*** Supplied records Section Begins ***

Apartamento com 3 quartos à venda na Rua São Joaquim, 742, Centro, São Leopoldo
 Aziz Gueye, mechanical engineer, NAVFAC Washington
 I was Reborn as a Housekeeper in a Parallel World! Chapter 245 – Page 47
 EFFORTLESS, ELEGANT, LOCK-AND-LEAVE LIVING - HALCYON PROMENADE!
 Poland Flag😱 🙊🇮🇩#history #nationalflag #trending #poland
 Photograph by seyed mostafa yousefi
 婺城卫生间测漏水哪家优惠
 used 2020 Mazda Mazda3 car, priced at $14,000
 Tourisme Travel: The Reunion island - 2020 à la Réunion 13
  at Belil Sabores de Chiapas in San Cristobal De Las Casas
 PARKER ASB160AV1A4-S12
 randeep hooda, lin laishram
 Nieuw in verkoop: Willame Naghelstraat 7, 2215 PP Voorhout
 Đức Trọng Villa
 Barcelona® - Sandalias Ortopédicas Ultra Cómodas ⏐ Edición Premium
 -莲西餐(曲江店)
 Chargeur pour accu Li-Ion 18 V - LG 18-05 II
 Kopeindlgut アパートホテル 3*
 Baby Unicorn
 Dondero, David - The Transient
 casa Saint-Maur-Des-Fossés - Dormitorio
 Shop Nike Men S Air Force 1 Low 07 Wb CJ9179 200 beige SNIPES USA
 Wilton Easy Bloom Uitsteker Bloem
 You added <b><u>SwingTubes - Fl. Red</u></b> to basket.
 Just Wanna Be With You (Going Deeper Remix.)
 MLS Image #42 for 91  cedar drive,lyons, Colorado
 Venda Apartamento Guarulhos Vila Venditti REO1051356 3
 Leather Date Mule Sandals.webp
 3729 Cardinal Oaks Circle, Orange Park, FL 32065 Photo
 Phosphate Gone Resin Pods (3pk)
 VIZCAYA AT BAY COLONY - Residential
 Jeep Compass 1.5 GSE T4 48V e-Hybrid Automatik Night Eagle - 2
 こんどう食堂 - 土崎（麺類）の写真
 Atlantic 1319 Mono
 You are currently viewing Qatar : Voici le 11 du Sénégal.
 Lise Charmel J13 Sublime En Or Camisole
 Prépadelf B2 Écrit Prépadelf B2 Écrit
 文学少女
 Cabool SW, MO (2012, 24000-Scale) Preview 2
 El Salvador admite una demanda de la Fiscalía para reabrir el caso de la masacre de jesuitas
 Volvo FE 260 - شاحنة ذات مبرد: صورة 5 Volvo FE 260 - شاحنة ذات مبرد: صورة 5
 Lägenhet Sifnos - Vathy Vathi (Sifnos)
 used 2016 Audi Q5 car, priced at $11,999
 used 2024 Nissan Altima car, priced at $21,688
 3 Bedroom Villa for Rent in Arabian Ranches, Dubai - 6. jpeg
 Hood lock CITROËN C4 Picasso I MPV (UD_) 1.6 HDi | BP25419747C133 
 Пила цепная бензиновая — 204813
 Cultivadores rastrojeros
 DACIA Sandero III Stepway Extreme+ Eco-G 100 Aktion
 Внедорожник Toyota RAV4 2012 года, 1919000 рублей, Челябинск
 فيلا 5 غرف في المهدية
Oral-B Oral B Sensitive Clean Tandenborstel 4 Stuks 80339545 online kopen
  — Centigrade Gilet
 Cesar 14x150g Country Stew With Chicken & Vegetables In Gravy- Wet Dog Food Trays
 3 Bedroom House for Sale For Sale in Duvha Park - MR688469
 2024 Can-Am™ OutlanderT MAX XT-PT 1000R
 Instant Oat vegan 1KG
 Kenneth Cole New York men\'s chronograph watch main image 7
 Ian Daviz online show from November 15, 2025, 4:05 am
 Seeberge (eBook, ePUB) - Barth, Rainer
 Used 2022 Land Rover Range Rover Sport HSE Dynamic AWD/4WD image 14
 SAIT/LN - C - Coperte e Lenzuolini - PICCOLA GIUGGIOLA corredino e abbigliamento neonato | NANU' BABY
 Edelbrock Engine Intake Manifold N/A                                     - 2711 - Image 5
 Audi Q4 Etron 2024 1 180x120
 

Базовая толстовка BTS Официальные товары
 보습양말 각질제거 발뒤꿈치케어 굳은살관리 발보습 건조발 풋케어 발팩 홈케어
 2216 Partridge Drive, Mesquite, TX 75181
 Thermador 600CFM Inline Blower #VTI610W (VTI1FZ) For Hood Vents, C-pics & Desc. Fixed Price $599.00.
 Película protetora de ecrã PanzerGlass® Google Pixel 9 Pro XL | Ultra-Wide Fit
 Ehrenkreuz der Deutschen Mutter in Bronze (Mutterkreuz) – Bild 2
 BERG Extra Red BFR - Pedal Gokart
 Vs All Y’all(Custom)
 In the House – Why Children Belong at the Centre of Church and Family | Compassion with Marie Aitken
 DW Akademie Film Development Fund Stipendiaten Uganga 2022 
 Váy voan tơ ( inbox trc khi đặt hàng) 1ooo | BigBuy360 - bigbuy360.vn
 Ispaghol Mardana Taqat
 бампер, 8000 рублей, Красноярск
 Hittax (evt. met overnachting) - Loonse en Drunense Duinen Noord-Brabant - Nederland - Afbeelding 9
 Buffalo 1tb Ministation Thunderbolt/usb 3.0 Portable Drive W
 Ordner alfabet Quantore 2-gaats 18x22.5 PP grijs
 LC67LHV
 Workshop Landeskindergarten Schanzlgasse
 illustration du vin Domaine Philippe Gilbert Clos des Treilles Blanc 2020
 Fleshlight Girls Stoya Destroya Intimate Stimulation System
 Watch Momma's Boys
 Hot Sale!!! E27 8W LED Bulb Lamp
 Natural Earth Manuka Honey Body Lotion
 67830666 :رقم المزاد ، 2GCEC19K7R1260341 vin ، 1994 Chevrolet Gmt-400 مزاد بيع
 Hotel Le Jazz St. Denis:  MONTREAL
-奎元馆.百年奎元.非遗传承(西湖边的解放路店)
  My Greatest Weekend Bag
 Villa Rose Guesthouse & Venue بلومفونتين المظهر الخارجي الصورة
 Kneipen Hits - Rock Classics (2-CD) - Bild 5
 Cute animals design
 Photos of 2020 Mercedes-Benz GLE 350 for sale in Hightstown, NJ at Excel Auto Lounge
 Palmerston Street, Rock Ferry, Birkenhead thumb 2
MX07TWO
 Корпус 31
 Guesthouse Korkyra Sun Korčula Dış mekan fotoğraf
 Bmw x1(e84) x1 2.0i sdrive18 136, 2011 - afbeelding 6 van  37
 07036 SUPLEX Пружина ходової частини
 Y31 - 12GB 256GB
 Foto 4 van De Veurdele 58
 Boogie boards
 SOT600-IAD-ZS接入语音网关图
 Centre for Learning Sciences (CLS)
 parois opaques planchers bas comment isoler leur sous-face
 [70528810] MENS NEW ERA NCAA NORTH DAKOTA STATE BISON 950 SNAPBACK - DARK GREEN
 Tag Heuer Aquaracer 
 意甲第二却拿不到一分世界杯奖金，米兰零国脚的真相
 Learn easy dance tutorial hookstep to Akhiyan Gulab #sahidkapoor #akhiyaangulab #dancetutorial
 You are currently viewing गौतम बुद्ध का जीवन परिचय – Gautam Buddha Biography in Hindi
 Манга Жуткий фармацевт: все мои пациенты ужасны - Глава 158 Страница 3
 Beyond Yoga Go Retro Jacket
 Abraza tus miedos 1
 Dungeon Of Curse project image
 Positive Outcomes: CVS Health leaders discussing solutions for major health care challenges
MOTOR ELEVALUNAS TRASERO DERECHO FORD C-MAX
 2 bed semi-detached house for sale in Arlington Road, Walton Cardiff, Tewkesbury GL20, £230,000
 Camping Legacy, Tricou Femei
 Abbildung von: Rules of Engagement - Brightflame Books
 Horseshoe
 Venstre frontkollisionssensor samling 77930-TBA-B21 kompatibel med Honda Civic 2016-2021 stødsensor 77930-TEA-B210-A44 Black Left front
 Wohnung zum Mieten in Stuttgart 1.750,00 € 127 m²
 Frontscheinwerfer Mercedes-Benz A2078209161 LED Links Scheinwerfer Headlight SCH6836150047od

*** Supplied records Section Ends ***

* **Task**
From the first line of the data through the line with "فيلا 5 غرف في المهدية", quote each line exactly and add nothing else.

* **Worked solution**
Apartamento com 3 quartos à venda na Rua São Joaquim, 742, Centro, São Leopoldo
 Aziz Gueye, mechanical engineer, NAVFAC Washington
 I was Reborn as a Housekeeper in a Parallel World! Chapter 245 – Page 47
 EFFORTLESS, ELEGANT, LOCK-AND-LEAVE LIVING - HALCYON PROMENADE!
 Poland Flag😱 🙊🇮🇩#history #nationalflag #trending #poland
 Photograph by seyed mostafa yousefi
 婺城卫生间测漏水哪家优惠
 used 2020 Mazda Mazda3 car, priced at $14,000
 Tourisme Travel: The Reunion island - 2020 à la Réunion 13
  at Belil Sabores de Chiapas in San Cristobal De Las Casas
 PARKER ASB160AV1A4-S12
 randeep hooda, lin laishram
 Nieuw in verkoop: Willame Naghelstraat 7, 2215 PP Voorhout
 Đức Trọng Villa
 Barcelona® - Sandalias Ortopédicas Ultra Cómodas ⏐ Edición Premium
 -莲西餐(曲江店)
 Chargeur pour accu Li-Ion 18 V - LG 18-05 II
 Kopeindlgut アパートホテル 3*
 Baby Unicorn
 Dondero, David - The Transient
 casa Saint-Maur-Des-Fossés - Dormitorio
 Shop Nike Men S Air Force 1 Low 07 Wb CJ9179 200 beige SNIPES USA
 Wilton Easy Bloom Uitsteker Bloem
 You added <b><u>SwingTubes - Fl. Red</u></b> to basket.
 Just Wanna Be With You (Going Deeper Remix.)
 MLS Image #42 for 91  cedar drive,lyons, Colorado
 Venda Apartamento Guarulhos Vila Venditti REO1051356 3
 Leather Date Mule Sandals.webp
 3729 Cardinal Oaks Circle, Orange Park, FL 32065 Photo
 Phosphate Gone Resin Pods (3pk)
 VIZCAYA AT BAY COLONY - Residential
 Jeep Compass 1.5 GSE T4 48V e-Hybrid Automatik Night Eagle - 2
 こんどう食堂 - 土崎（麺類）の写真
 Atlantic 1319 Mono
 You are currently viewing Qatar : Voici le 11 du Sénégal.
 Lise Charmel J13 Sublime En Or Camisole
 Prépadelf B2 Écrit Prépadelf B2 Écrit
 文学少女
 Cabool SW, MO (2012, 24000-Scale) Preview 2
 El Salvador admite una demanda de la Fiscalía para reabrir el caso de la masacre de jesuitas
 Volvo FE 260 - شاحنة ذات مبرد: صورة 5 Volvo FE 260 - شاحنة ذات مبرد: صورة 5
 Lägenhet Sifnos - Vathy Vathi (Sifnos)
 used 2016 Audi Q5 car, priced at $11,999
 used 2024 Nissan Altima car, priced at $21,688
 3 Bedroom Villa for Rent in Arabian Ranches, Dubai - 6. jpeg
 Hood lock CITROËN C4 Picasso I MPV (UD_) 1.6 HDi | BP25419747C133 
 Пила цепная бензиновая — 204813
 Cultivadores rastrojeros
 DACIA Sandero III Stepway Extreme+ Eco-G 100 Aktion
 Внедорожник Toyota RAV4 2012 года, 1919000 рублей, Челябинск
 فيلا 5 غرف في المهدية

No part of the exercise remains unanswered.